Abu 'I-Fath Muhammad, known in later centuries as Shaybani Khan (c. 14511510), was a khan of the Uzbeks (1500-10) who continued consolidating various Uzbek tribes and laid foundations for their ascendance in Transoxiana. He was a descendant of Genghis Khan through his grandson Shayban and considered the Timurids as usurpers of the Genghisid heritage in Central Asia.

Continuing the policies of his grandfather, Abu'l-Khayr Khan, Shaybani ousted the Timurids from their capital Samarkand by 1500. He fought successful campaigns against the Timurid leader Babur, founder of the Mughal Empire. In 1505 he recaptured Samarkand and in 1507 also took Herat, the southern capital of the Timurids. Shaybani conquered Bukhara in 1506 and established the short-lived Shaybanid Empire. In 1508-09, he carried out many raids northward, pillaging the land of the Kazakh Khanate. However he suffered a major defeat from Kazakhs under Kasim Khan in 1510.

Shah Ismail I from the Safavid dynasty of Persia was alarmed by Shaybani's success and moved against the Uzbeks. In the Battle of Marv (1510), Muhammad Shaybani was defeated and killed when trying to escape. Ismail had Muhammad Shaybani's body parts sent to various areas of the empire for display and had his skull coated in gold and made into a jeweled drinking goblet which was drunk from when entertaining.
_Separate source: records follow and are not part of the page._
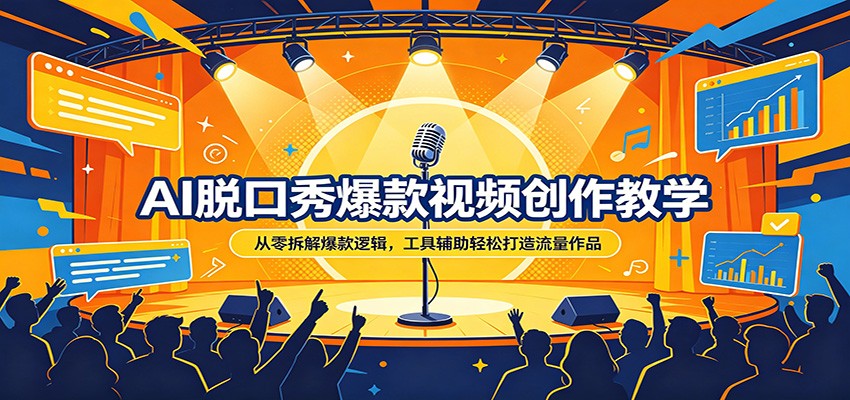 AI脱口秀爆款视频创作教学：从零拆解爆款逻辑，工具辅助轻松打造流量作品-赛德副业库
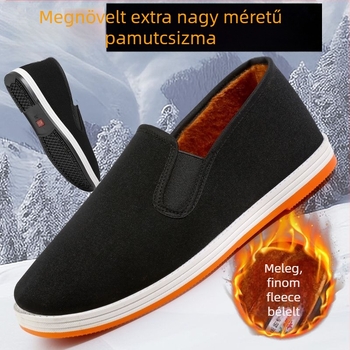 Téli férfi vászon papucs összetett talppal – otthoni lábbeli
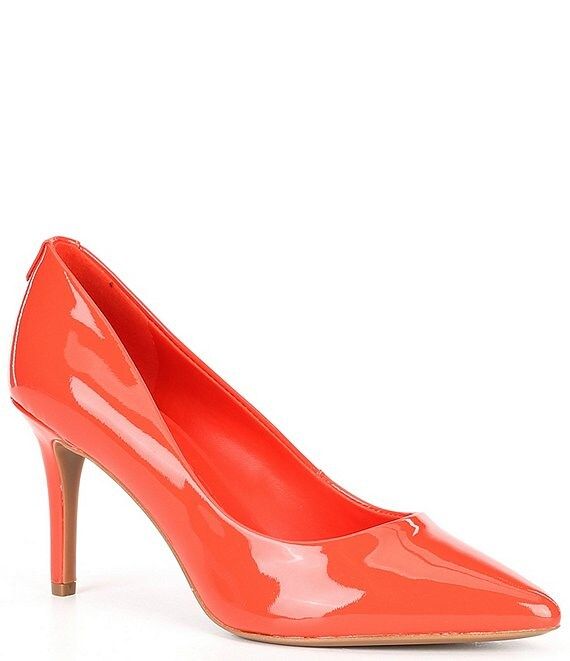 KARL LAGERFELD PARIS Royale Pointed Toe Patent Leather Pumps | Dillard's | Dillard's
At the time of Shaybani's death, the Uzbeks controlled all of Transoxiana, that is, the area between the Syr Darya and Amu Darya rivers. After capturing Samarkand from Babur, Shaybani married Babur's sister, Khanzada Begum. Babur's liberty to leave Samarkand was made contingent upon his assent to this alliance. After Shaybani's death, Ismail I gave liberty to Khanzada Begum with her son and, at Babur's request, sent them to his court. For this reason Shaybani was succeeded not by a son but by an uncle, a cousin and a brother whose descendants would rule Bukhara until 1598 and Khwarizm (later named Khiva) until 1687.